> What this task involves
Nothing in the data may be altered; copy it all exactly.

> Working data
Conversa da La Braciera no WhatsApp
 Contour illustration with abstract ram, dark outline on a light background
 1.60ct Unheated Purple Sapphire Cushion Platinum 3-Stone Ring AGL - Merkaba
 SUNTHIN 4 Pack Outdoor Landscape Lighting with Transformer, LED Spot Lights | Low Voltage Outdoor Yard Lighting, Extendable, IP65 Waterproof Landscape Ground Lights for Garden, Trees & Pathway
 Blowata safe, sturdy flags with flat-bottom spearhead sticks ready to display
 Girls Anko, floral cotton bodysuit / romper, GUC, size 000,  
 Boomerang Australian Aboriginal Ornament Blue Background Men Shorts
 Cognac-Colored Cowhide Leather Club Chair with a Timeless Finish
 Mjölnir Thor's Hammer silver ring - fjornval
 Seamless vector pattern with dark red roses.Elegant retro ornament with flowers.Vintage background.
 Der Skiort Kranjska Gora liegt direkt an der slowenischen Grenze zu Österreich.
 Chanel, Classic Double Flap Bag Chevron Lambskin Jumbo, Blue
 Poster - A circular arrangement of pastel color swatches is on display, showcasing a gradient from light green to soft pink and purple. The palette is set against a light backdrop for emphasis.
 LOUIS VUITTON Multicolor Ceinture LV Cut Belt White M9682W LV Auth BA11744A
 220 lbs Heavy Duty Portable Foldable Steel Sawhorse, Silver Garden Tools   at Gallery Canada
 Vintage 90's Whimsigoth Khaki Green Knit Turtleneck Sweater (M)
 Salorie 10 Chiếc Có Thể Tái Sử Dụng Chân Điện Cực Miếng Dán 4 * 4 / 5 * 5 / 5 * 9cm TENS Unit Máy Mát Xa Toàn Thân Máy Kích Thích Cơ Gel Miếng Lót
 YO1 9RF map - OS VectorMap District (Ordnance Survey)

> Your solution
Conversa da La Braciera no WhatsApp
 Contour illustration with abstract ram, dark outline on a light background
 1.60ct Unheated Purple Sapphire Cushion Platinum 3-Stone Ring AGL - Merkaba
 SUNTHIN 4 Pack Outdoor Landscape Lighting with Transformer, LED Spot Lights | Low Voltage Outdoor Yard Lighting, Extendable, IP65 Waterproof Landscape Ground Lights for Garden, Trees & Pathway
 Blowata safe, sturdy flags with flat-bottom spearhead sticks ready to display
 Girls Anko, floral cotton bodysuit / romper, GUC, size 000,  
 Boomerang Australian Aboriginal Ornament Blue Background Men Shorts
 Cognac-Colored Cowhide Leather Club Chair with a Timeless Finish
 Mjölnir Thor's Hammer silver ring - fjornval
 Seamless vector pattern with dark red roses.Elegant retro ornament with flowers.Vintage background.
 Der Skiort Kranjska Gora liegt direkt an der slowenischen Grenze zu Österreich.
 Chanel, Classic Double Flap Bag Chevron Lambskin Jumbo, Blue
 Poster - A circular arrangement of pastel color swatches is on display, showcasing a gradient from light green to soft pink and purple. The palette is set against a light backdrop for emphasis.
 LOUIS VUITTON Multicolor Ceinture LV Cut Belt White M9682W LV Auth BA11744A
 220 lbs Heavy Duty Portable Foldable Steel Sawhorse, Silver Garden Tools   at Gallery Canada
 Vintage 90's Whimsigoth Khaki Green Knit Turtleneck Sweater (M)
 Salorie 10 Chiếc Có Thể Tái Sử Dụng Chân Điện Cực Miếng Dán 4 * 4 / 5 * 5 / 5 * 9cm TENS Unit Máy Mát Xa Toàn Thân Máy Kích Thích Cơ Gel Miếng Lót
 YO1 9RF map - OS VectorMap District (Ordnance Survey)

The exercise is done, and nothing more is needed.